Biliyorum ki şartlar bazen size kendinizi değersizleştirme iznini veriyor. Kepçesinin
kimin elinde olduğunu bilmediğimiz bir kazanda kaç kez tepetaklak olup kaç kez
doğrulduğumuzu bilmiyoruz belki de. Ama
yine de güçlüyüz, bizi kimse öldüremiyor. Akan bir nehirde tersine yüzmeye
çalışıyoruz hiç bıkmadan ve bu başlı başına bir sorun gözüküyor. Yapmamız gereken tam da şu aslında: “salıvermek”.

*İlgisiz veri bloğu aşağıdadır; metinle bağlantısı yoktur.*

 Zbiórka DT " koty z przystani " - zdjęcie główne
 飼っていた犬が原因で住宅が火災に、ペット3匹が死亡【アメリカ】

Gittiği yere kadar deyip gerekirse toslamak. Yeterince tosladıktan sonra yön
değiştirmek.
O kepçenin sahibini bulup bir şekilde kendilerinin ekmeğine
yağ sürerek geçinmeye çalışanlara kızgınsınız belki ama bir düşünün! Aynı şans
size verilseydi onlar gibi olabilir miydiniz? İşçinin aldığı bir günlük izinde
bile gözü olan kodamanlardan olabilir miydiniz? Kendisi 1 milyon kazanıp çalışanına 1000 tl. nin
hesabını yapanlardan olabilir miydiniz? Bu mevkiye nasıl geldiniz sorusuna
içten içe hınzırca gülerek ama yapmacık bir tavırla “insanlara tavsiyem
‘çalışın, çok çalışın’” diyebilir miydiniz? Çalışmanın tek başına yeterli
olmadığını birilerinin “kazancılar” tarafında birilerinin de “bulgurgiller”
tarafında olduğunu biz zaten biliyoruz. Bulgurun kaderini kim ne kadar
değiştirebilir ki? Umut tacirleriyle kim baş edebilmiş bugüne
kadar?
Başarının bile fazlalık olduğunu, kaliteli duruşların onlara
fazla geldiğini ve aradıklarının tam da sen olmadığını biliyorsun artık değil
mi? En iyisi olmak demek en iyi rolü yapabilmek demek. Bunu biz bilmiyor muyuz?
Yeni öğrendik. Ancak yaşımız, kalıplarımız ve biricik ailelerimiz,
ailelerimizin öğretileri gereği
kişiliğimizde değişiklik yapacak durumda değiliz. Ne diyelim, Allah onlara
zeval vermesin, Allah kişiliğimize zeval vermesin.